While the importance of continual learning to great leadership has been stated time and again, Polman also urged a similar focus on unlearning processes, behaviours, assumptions or false ‘facts’ which will not create positive outcomes in the new normal. Thought leaders across the green economy are calling for a clean break from previous notions of ‘business-as-usual’. Investors, policymakers, business leaders and citizens are joining them. Those who fail to lean in risk rendering their role or even entire organisation obsolete, Polman believes, be it through reputational damage, unpreparedness for legislation changes, or otherwise.
Thinking systematically
For businesses and individuals alike, it was easy to overlook the interconnected nature of our modern world pre-pandemic. Citizens in the UK and US could, in January, write COVID-19 off as a faraway problem. The systems that bred this dismissal are the same causing growing disconnect between supply chains and businesses.
The fact that a novel virus could so rapidly cross the species border and spread from Wuhan to almost all nations forces greater consideration of our dependence on nature, and on international travel and trade. The fact that vulnerable groups are relying on family, friends and neighbours for things like groceries and medicine forces greater considerations of our reliance on communities, and the ways this has been downplayed.

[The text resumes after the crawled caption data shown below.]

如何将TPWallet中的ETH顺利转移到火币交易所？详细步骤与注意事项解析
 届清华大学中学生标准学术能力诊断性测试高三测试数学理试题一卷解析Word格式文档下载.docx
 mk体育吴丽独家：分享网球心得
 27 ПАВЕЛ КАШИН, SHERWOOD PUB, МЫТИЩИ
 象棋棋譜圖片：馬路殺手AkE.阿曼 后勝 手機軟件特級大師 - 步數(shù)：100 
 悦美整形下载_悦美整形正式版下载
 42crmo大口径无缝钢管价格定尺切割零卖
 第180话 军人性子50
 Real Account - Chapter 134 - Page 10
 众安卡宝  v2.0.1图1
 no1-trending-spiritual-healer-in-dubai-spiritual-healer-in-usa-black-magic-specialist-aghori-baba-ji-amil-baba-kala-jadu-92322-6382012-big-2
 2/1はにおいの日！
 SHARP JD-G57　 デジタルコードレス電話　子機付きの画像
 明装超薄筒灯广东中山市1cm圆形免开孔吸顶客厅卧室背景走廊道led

Additionally, pre-existing breaks in global, national and local systems are now being extremely clear. Disparities between rich and poor; white and minority ethnic; consumers and producers – disparities that will not be quickly forgotten post-pandemic, and forever harder to overlook or downplay – have been writ large. Great leaders will, therefore, not shirk responsibility for any negative impacts in their value chain. They will recognise the interconnectivity of systems and face the fact that changing them for better requires thinking and acting outside of their typical roles, during the pandemic and beyond.
Courageous in collaboration
Once an individual or organization has adopted systems thinking, they will realise the full potential of partnerships and the necessity of collective action in bringing about the level of change required to create a more sustainable, socially equal and resilient world. The UN’s 17th and final Sustainable Development Goal (SDG) is notably Partnerships for the Goals, without which none of the others could be achieved.
Outdated models of leadership involve maintaining a closed environment to protect economic competitiveness and shield from outside questioning. Modern leaders recognise the potential of partnerships to share knowledge, build reach and scale voice. On the former, the UK’s biggest supermarket, Tesco, is taking science-based sustainability guidance from WWF. On reach and scale, more people will see – and governments will take more seriously – campaigns mounted by intra-industry or cross-industry coalitions like the World Green Building Council or We Mean Business Coalition.
And in the current situation, partnerships have had to be forged more rapidly than ever before. Governments have partnered with businesses to spur progress on vaccine creation and ventilator improvements. Businesses are (in the best case scenarios) adapting, maintaining or forging new non-profit partnerships in what is an extremely trying time for the third sector.
Now the value of purposeful partnerships has been realised at scale, it cannot be unseen. As IMAGINE’s co-founder and CEO Valerie Keller summarised, “The courageous collective is the new frontier of leadership.”